→ Work task:
Determine how many lines in the listing that follows include "Photo". Answer only with that number.

→ Data for analysis:
────────────────────────────────────────

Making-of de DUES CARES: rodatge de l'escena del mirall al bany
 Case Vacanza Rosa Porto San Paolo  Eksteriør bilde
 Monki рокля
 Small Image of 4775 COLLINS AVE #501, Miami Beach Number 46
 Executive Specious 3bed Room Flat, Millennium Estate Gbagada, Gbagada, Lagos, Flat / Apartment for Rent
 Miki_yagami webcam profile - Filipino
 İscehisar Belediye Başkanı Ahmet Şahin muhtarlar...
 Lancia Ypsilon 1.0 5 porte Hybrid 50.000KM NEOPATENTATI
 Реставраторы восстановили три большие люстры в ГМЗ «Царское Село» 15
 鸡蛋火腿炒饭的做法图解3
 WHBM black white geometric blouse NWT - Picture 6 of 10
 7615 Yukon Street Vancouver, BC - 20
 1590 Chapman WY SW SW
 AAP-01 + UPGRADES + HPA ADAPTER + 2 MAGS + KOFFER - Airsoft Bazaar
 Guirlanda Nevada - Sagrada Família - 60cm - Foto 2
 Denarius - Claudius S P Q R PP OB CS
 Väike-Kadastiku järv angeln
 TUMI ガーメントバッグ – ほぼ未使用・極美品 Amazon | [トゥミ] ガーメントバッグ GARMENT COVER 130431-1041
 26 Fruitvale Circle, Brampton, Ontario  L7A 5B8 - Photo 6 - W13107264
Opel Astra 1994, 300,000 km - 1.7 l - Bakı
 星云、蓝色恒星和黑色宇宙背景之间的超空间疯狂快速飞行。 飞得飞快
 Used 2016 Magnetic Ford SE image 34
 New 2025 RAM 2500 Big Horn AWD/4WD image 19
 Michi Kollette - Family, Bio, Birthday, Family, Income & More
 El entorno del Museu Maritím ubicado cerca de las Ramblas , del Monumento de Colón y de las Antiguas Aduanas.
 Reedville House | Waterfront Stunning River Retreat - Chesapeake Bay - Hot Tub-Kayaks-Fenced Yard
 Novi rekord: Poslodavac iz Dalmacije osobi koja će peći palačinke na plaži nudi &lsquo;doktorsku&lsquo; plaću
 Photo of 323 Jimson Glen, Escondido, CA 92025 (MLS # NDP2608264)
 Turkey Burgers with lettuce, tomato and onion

────────────────────────────────────────

→ Exercise solution:
2